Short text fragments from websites
§

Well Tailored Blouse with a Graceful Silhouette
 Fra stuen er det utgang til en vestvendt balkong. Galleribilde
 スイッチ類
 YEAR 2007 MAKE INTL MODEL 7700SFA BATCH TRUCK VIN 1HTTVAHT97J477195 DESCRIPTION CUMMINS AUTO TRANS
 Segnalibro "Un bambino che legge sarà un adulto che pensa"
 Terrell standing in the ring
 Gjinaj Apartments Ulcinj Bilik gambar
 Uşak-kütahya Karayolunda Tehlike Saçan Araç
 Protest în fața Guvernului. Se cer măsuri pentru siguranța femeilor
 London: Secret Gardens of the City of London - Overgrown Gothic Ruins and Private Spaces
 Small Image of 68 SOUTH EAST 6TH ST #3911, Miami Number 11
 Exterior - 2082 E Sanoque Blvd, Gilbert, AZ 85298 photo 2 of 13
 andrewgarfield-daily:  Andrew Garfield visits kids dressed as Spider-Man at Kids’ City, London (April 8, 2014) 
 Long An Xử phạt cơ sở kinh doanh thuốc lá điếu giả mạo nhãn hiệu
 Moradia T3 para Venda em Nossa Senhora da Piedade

§

**REQUIREMENT**
Your answer should be the records above, set down exactly.

**OUTPUT FOR THIS EXERCISE**
Well Tailored Blouse with a Graceful Silhouette
 Fra stuen er det utgang til en vestvendt balkong. Galleribilde
 スイッチ類
 YEAR 2007 MAKE INTL MODEL 7700SFA BATCH TRUCK VIN 1HTTVAHT97J477195 DESCRIPTION CUMMINS AUTO TRANS
 Segnalibro "Un bambino che legge sarà un adulto che pensa"
 Terrell standing in the ring
 Gjinaj Apartments Ulcinj Bilik gambar
 Uşak-kütahya Karayolunda Tehlike Saçan Araç
 Protest în fața Guvernului. Se cer măsuri pentru siguranța femeilor
 London: Secret Gardens of the City of London - Overgrown Gothic Ruins and Private Spaces
 Small Image of 68 SOUTH EAST 6TH ST #3911, Miami Number 11
 Exterior - 2082 E Sanoque Blvd, Gilbert, AZ 85298 photo 2 of 13
 andrewgarfield-daily:  Andrew Garfield visits kids dressed as Spider-Man at Kids’ City, London (April 8, 2014) 
 Long An Xử phạt cơ sở kinh doanh thuốc lá điếu giả mạo nhãn hiệu
 Moradia T3 para Venda em Nossa Senhora da Piedade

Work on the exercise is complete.